John Paul Jones House in Portsmouth, New Hampshire

John Paul Jones House

Portsmouth, New Hampshire

In Brief

At the John Paul Jones House in Portsmouth, New Hampshire, a pale woman watches the harbor from an upstairs window, and people on the sidewalk still look up. Ghost lore reads her as Sarah Purcell, the widow who ran the place as a boarding house and waited for ships that never came.

The Full Story

At the John Paul Jones House in Portsmouth, New Hampshire, a pale woman watches the harbor from an upstairs window, and people on the sidewalk still look up. Witnesses describe a wistful figure in period dress, gazing out toward the Piscataqua. Docents and ghost lore read her the same way: Sarah Purcell, the widow who waited.

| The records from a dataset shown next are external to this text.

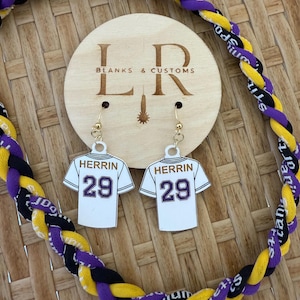 Personalized Acrylic Jersey Earrings: Game Day Team Spirit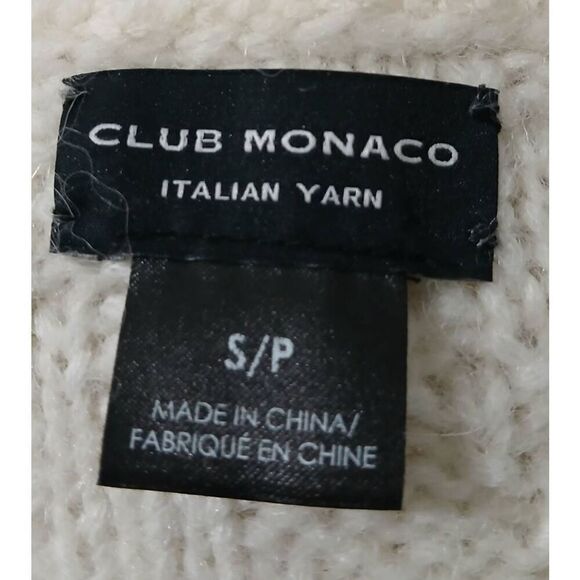 Club Monaco womens small ITALIAN ALPACA puffer sleeve ivory sweater SUPER SOFT - Picture 6 of 8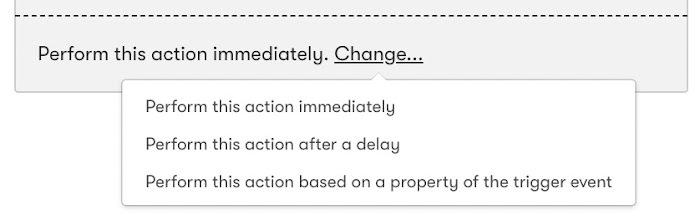 Scheduling option to select when an action should be performed in a Rule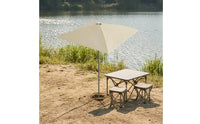 Light Beige Portable Outdoor Umbrella Silver-Coated Square Patio Umbrella Straight Pole Garden Sun Umbrella Pointed Top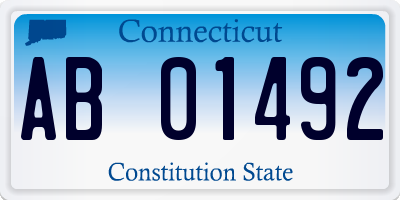 CT license plate AB01492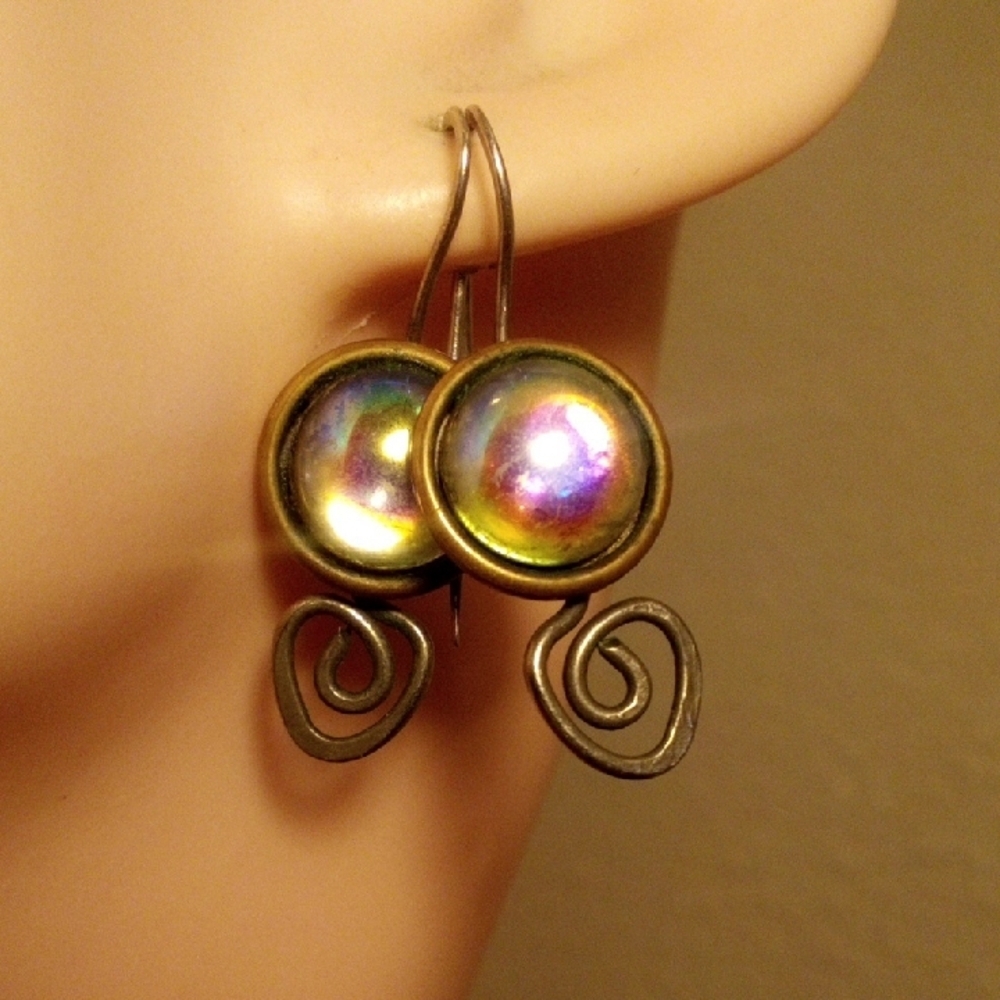 Iridescent‎ Multi-Color Swirl Drop Earrings - Women Jewelry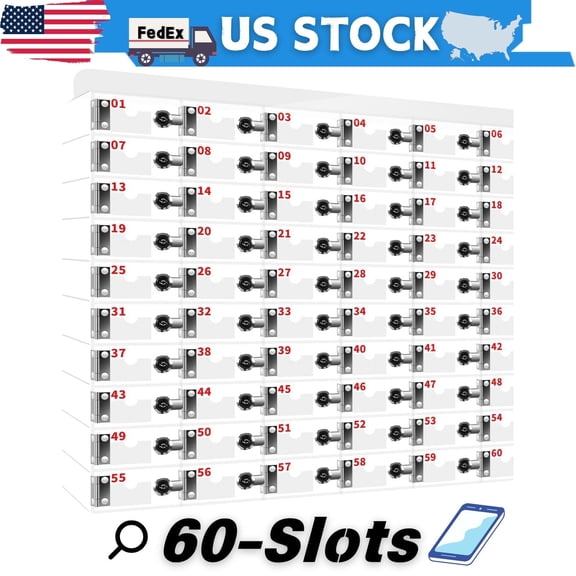Cell Phone Storage Cabinet 60 Slots, Acrylic Transparent Cell Phone Locker, Sturdy Cell Phone Locker Box, Wall Mounted with 60 Keys Door Locks, Numbered Slots 01-60, for Hospitals and Clinics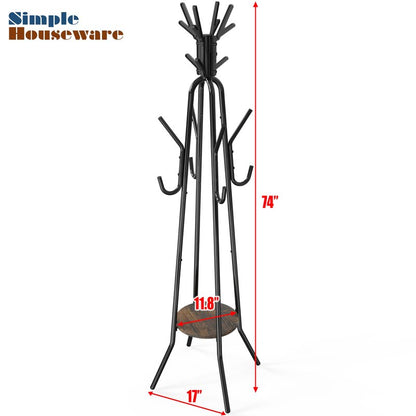 Simple Houseware Standing Coat Hat Hanger Organizer Tree Shaped Rack with Shelf for Entryway, Bedroom, and Hallway, 20 Hooks, Rustic Brown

The yellow gambrel-roofed Georgian at the corner of Middle and State was built in 1758 for the sea captain Gregory Purcell, by a master housewright named Hopestill Cheswell, one of the Portsmouth area's successful African-American builders. Inside, the rooms still flank a central hall with its original Georgian molding and carved woodwork. Purcell died in 1776. His widow Sarah turned the house into a boarding house and ran it until her own death in 1783, taking in lodgers while she watched the water for men and ships that didn't return.

Her most famous lodger gives the house its name. John Paul Jones, the Revolutionary War naval hero, rented a room on the second floor while he oversaw the building of his warships on Badger's Island in the river. He boarded here while the *Ranger* went up, and again from 1781 to 1782 for the ship *America*. His room was the one on the right-hand, southeast side of the house.

And here the haunting splits. The Historical Society's docents lean toward Gregory Purcell as the man Sarah waits for at the glass. The paranormal crowd leans toward Jones. According to Thomas D'Agostino's *Haunted New Hampshire*, a group of investigators set up in Jones's old room and reported capturing EVPs and flashlight responses from an entity that named itself as Jones, as though, two centuries on, he had moved back into the room he once rented.

Other tellings have crept in around the edges. One account describes a cabinet door that flies open in a room holding shawls. Some accounts describe a figure in 19th-century finery emerging from the attic, walking into a room, and vanishing: "you see someone coming out of the attic dressed in 19th century finery, walking into one of the rooms," one witness put it. Over roughly 90 years of museum days, staff and guides have collected their own quiet experiences.

The Portsmouth Historical Society has kept the house as a museum since 1920, and it became a National Historic Landmark in 1972. The Society's own pages stay purely historical; they don't mention the woman at the window. She keeps watching the harbor anyway, and declines to say which man she's waiting for.